コネチカット州・ニューヘヴンで結成されたThe CanariesのメンバーのひとりFred Parrisが、53年秋 にHill House High School在学中の友人とともに新しいボーカルグループThe Scarletsを結成する。参加したメンバーは Sylvester Hopkins・Bill Powers・Nate Mosley・Al Denbyであった。このグループではFred Parris自身がリードボーカルを担当し、ビジネスマネージャーも兼ね、売り込みにあちこちを飛び回っていた。Fred Parrisは17歳の時にレコーディングを実現するため、レーベルを求めてニューヨークへ向かった。
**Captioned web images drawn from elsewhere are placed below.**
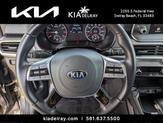 Thumbnail of 2021 Gravity Grey Kia Telluride
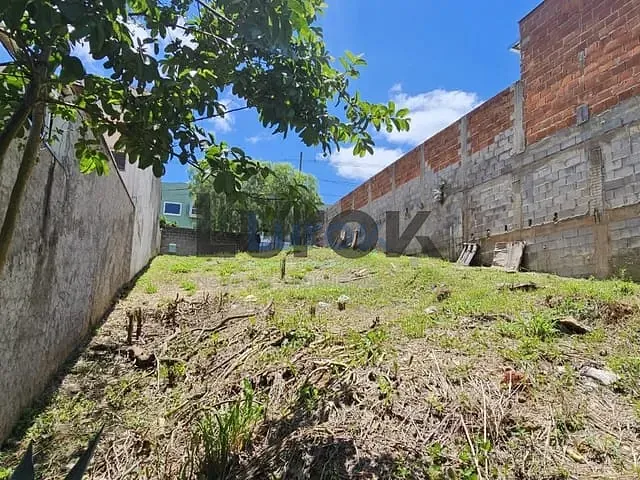 Terreno com 300m², à venda, no bairro Jardim Alto da Colina em Valinhos
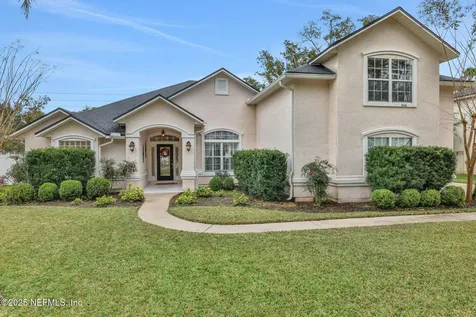 246 Edgewater Branch Drive St. Johns FL 32259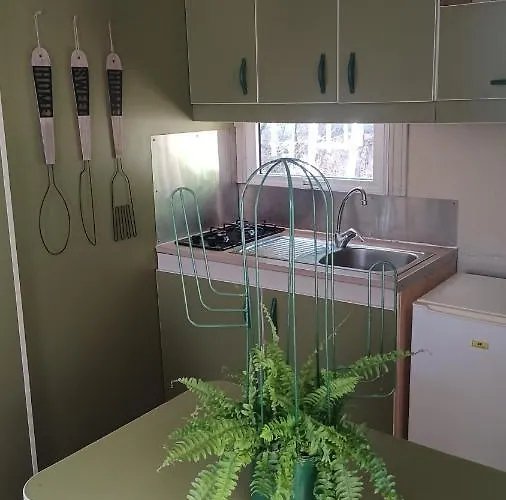 Le Petit D' Anto-france 木屋 *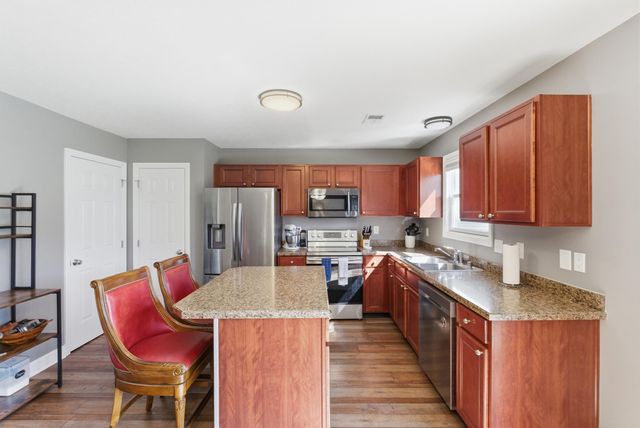 102 Jennifer Drive, Georgetown, KY 40324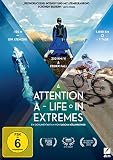 Attention - A Life in Ex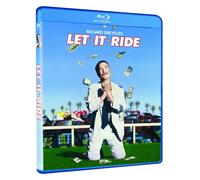LET IT RIDE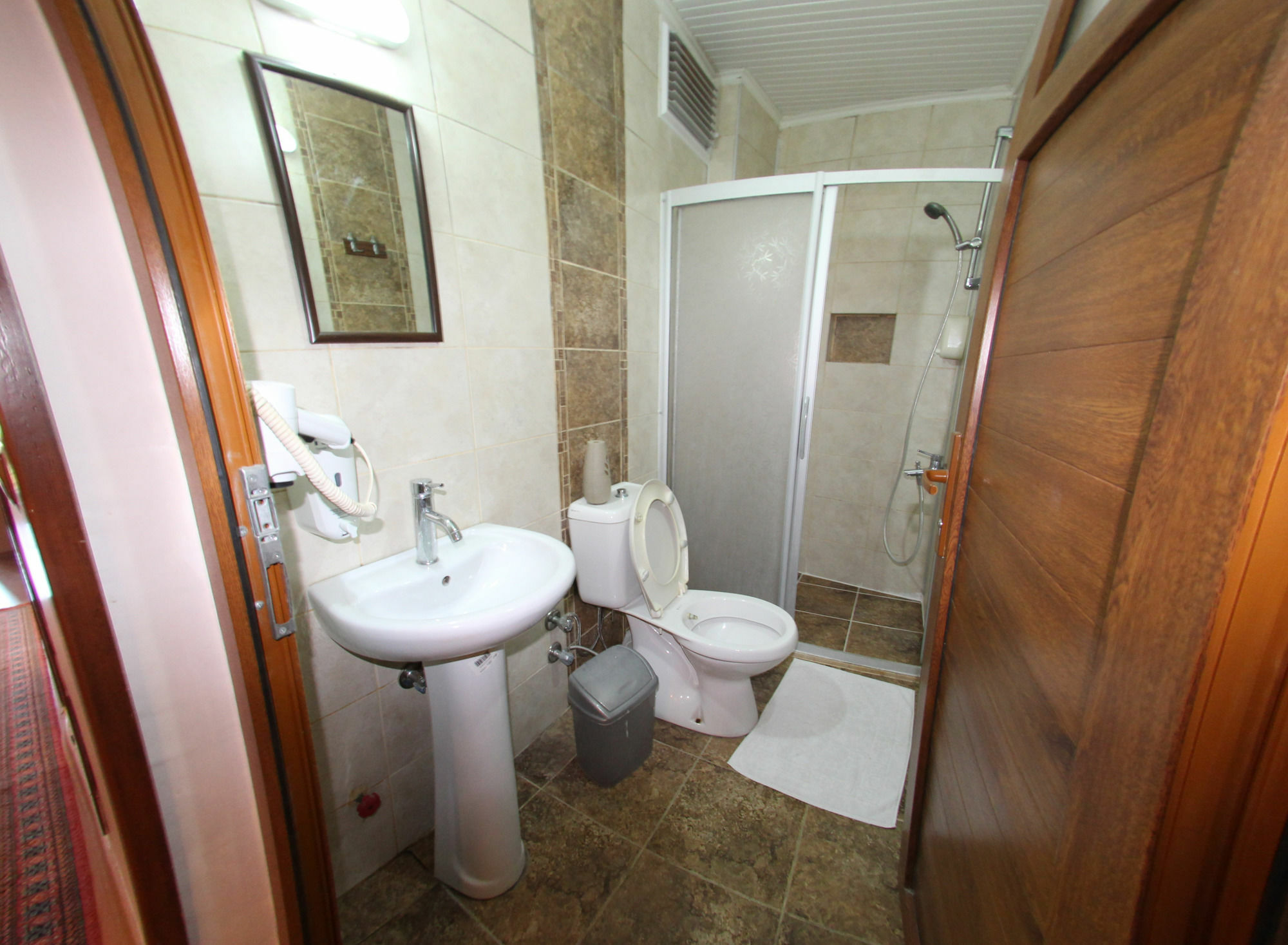 Boomerang Guest House Selçuk Kültér fotó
そして出会ったのがBobby Robinson がハーレムで運営していたRed Robinレコードであった。このレーベルにはすでにThe Mello Moods・The Vocaleers・The Du Droppers・The Velvetsといったグループで、ニューヨーク界隈で中規模な成功を収めていた。The ScarletsはRed Robinと契約し、すでに書き上げていたDear one・I've lostという2曲のオリジナルバラードをレコーディングした。この2曲でシングルデビューを果たした。Dear oneはニューヨークでローカルヒットし、グループはここを拠点として活動を始めた。ハドソン川でのmoonlight sail(月明かりのもとで川沿いに船を走らせ、歌や踊りを楽しむ)に出演し、The Velvets・The Cadillacsらと共演している。53年7月下旬には、Dear oneはシカゴでも順調に売れ、特にロサンゼルスチャートでは好成績を記録した。このシングルの成功でRed Robinは次のシングル Love dollを54年の遅くにリリースしたが、ヒットにはいたらなかった。続いて55年2月にTrue loveをリリースした。このシングルのB面だったCry babyは1年ほどのちにベルビュー出身の元看護婦トリオThe Bonnie Sistersがカバーして大ヒットさせている。またAlan Freedのライブ盤ではSam 'The Man' Taylorのサックス演奏バージョンも発表されたが、The Bonnie Sistersには及ばなかった。いずれしにてもFred Parris自身のバージョンはあまり売れなかったが、わずかな著作料を受け取ることはできた。55年なかば、グループにも兵役がおよびメンバーは各地へ飛んでいった。55年秋、メンバーはRed Robinでの最後のセッションのために集まり、Kiss mという素晴らしいバラードをレコーディングした。Indian feverとのカップリングでリリースされた。しかし兵役がグループ崩壊の主な理由となり、The Scarletsは解散した。後年のBim Bam Boo誌のインタビューによると、The Scarletsの全シングルの売上は100万枚近くあったはずだが、Fred Parrisが受け取ったのはたったの35ドルであったという。これは50年代に活躍したR&Bボーカルグループを象徴する話である。Fred Parrisは陸軍での休暇中に故郷のニューヘブンに戻り週末を過ごしていたが、間もなく新しいボーカルグループを作るために新しいボーカリストを探し、この仕事を続ける決意を固めた。これがのちのThe Five Satinsとなる。一方で58年になってThe ScarletsのシングルShe's gone with the wind がKlikレコードからリリースされた。Fred Parrisがリードで、Sylvester Hopkins・Satin Lou Peeples・Rich Freeman・Wes Forbesがメンバーとなっている。